[DBCP] Connection pool not behaving as I expect

classic Classic list List threaded Threaded
6 messages Options
Reply | Threaded
Open this post in threaded view
|

[DBCP] Connection pool not behaving as I expect

Shawn Heisey
We have been having some problems lately where our MySQL server hits the
max connection limit (600) and then everything breaks.  When I look into
the problem, I find that our application servers have each made nearly a
hundred connections to the DB and haven't closed any of them for hours.

I'm also using connection pooling in my programs, with the latest DBCP
version.  Those servers don't open nearly as many connections, and have
idle eviction to keep the connection count down.  But when the limit is
reached, these programs suddenly stop working too.

Investigating these problems, I manage to get connected and kill off the
surplus of idle connections, and everything starts working.

Today, a couple of days after the last incident, I realized that we
should *NOT* be having these problems -- because we're using connection
pooling.  The application has open and idle connections to the DB server
... so why is trying to open MORE connections (and obviously failing)
instead of using one of the perfectly good connections that's already
sitting there, unused?

I'm writing here specifically for DBCP on my programs, so I know you
guys probably can't help with Tomcat's connection pooling ... but for
either case my question stands:  Why isn't connection pooling doing its job?

Thanks,
Shawn


---------------------------------------------------------------------
To unsubscribe, e-mail: [hidden email]
For additional commands, e-mail: [hidden email]

Reply | Threaded
Open this post in threaded view
|

Re: [DBCP] Connection pool not behaving as I expect

garydgregory
On Thu, Mar 1, 2018 at 3:33 PM, Shawn Heisey <[hidden email]> wrote:

> We have been having some problems lately where our MySQL server hits the
> max connection limit (600) and then everything breaks.  When I look into
> the problem, I find that our application servers have each made nearly a
> hundred connections to the DB and haven't closed any of them for hours.
>
> I'm also using connection pooling in my programs, with the latest DBCP
> version.  Those servers don't open nearly as many connections, and have
> idle eviction to keep the connection count down.  But when the limit is
> reached, these programs suddenly stop working too.
>
> Investigating these problems, I manage to get connected and kill off the
> surplus of idle connections, and everything starts working.
>
> Today, a couple of days after the last incident, I realized that we
> should *NOT* be having these problems -- because we're using connection
> pooling.  The application has open and idle connections to the DB server
> ... so why is trying to open MORE connections (and obviously failing)
> instead of using one of the perfectly good connections that's already
> sitting there, unused?
>
> I'm writing here specifically for DBCP on my programs, so I know you
> guys probably can't help with Tomcat's connection pooling ... but for
> either case my question stands:  Why isn't connection pooling doing its
> job?
>

I do not think this is a question I, or anyone here, can answer
generically.

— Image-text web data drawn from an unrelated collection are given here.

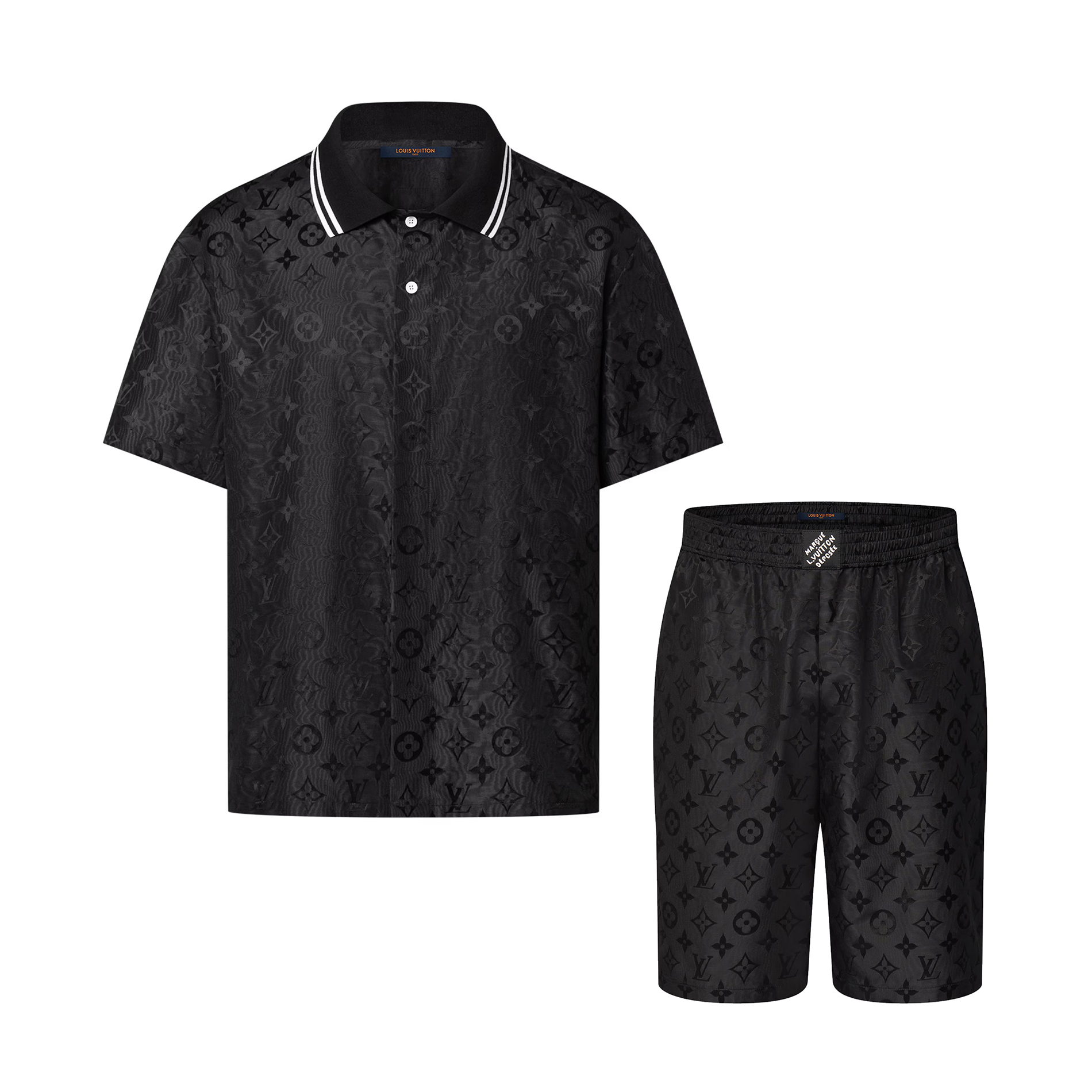 NIGO Louis Vuitton Men's Summer MONOGRAM Pure Color Wave Jacquard Mulberry Silk Short Sleeve Single Breasted Shirt Elastic Waist Casual Shorts Set Suit #nigo75912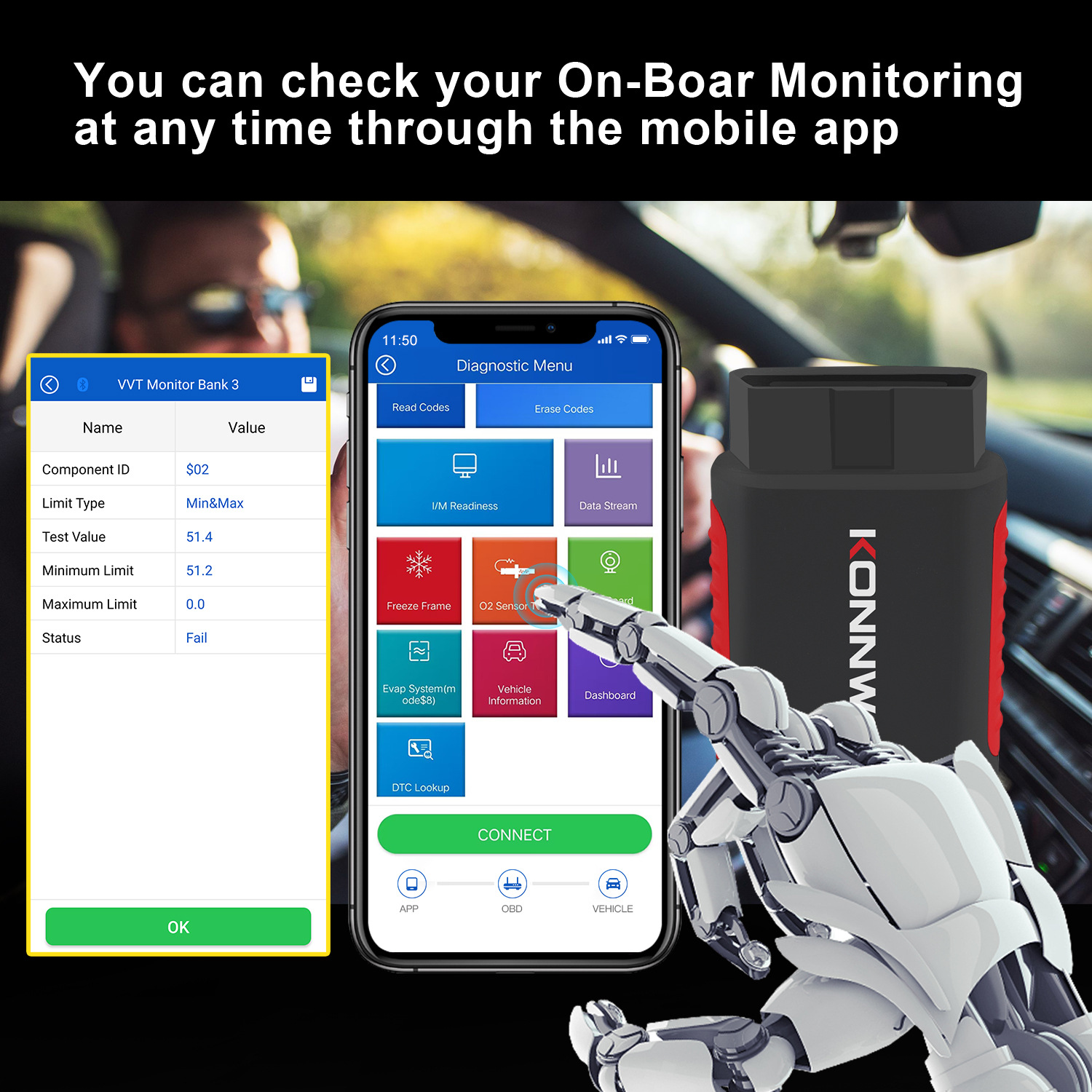 KONNWEI KDIAG car full-function diagnostic instrument ABS airbag brake pads multi-function diagnostic scanner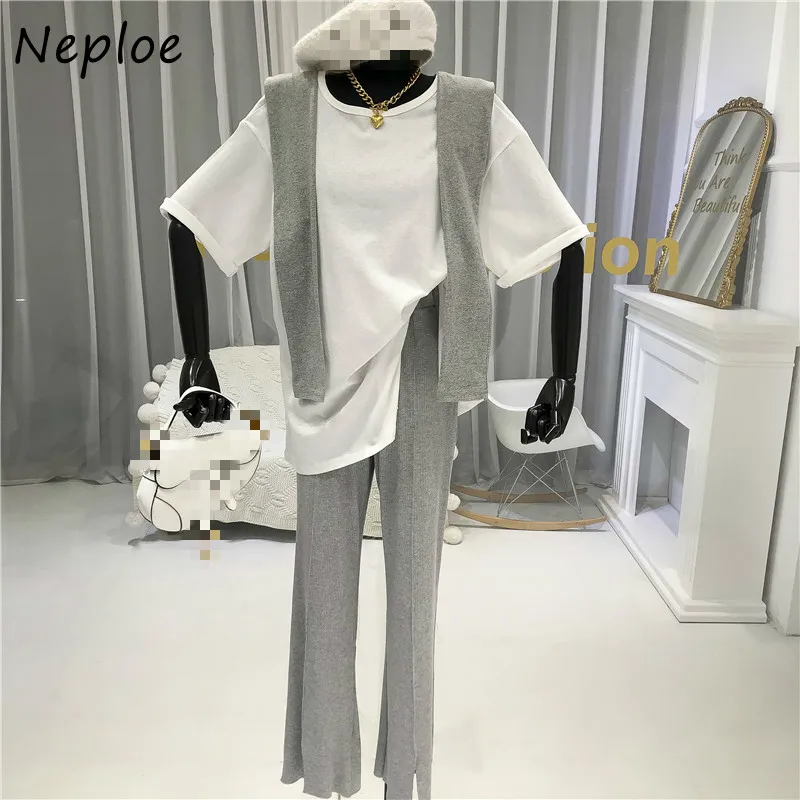 Женская одежда однотонные футболки с коротким рукавом и круглым вырезом +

I can read between that lines that you must feel frustrated
and I certainly empathize with that. I think you might want to debug your
application and come up with some parameters for us to start helping you. A
reproducible example is always best but I understand it might be hard to
provide in this particular case.

Gary


> Thanks,
> Shawn
>
>
> ---------------------------------------------------------------------
> To unsubscribe, e-mail: [hidden email]
> For additional commands, e-mail: [hidden email]
>
>
Reply | Threaded
Open this post in threaded view
|

Re: [DBCP] Connection pool not behaving as I expect

Phil Steitz
In reply to this post by Shawn Heisey


> On Mar 1, 2018, at 3:33 PM, Shawn Heisey <[hidden email]> wrote:
>
> We have been having some problems lately where our MySQL server hits the
> max connection limit (600) and then everything breaks.  When I look into
> the problem, I find that our application servers have each made nearly a
> hundred connections to the DB and haven't closed any of them for hours.
>
> I'm also using connection pooling in my programs, with the latest DBCP
> version.  Those servers don't open nearly as many connections, and have
> idle eviction to keep the connection count down.  But when the limit is
> reached, these programs suddenly stop working too.
>
> Investigating these problems, I manage to get connected and kill off the
> surplus of idle connections, and everything starts working.
>
> Today, a couple of days after the last incident, I realized that we
> should *NOT* be having these problems -- because we're using connection
> pooling.  The application has open and idle connections to the DB server
> ... so why is trying to open MORE connections (and obviously failing)
> instead of using one of the perfectly good connections that's already
> sitting there, unused?
>
> I'm writing here specifically for DBCP on my programs, so I know you
> guys probably can't help with Tomcat's connection pooling ... but for
> either case my question stands:  Why isn't connection pooling doing its job?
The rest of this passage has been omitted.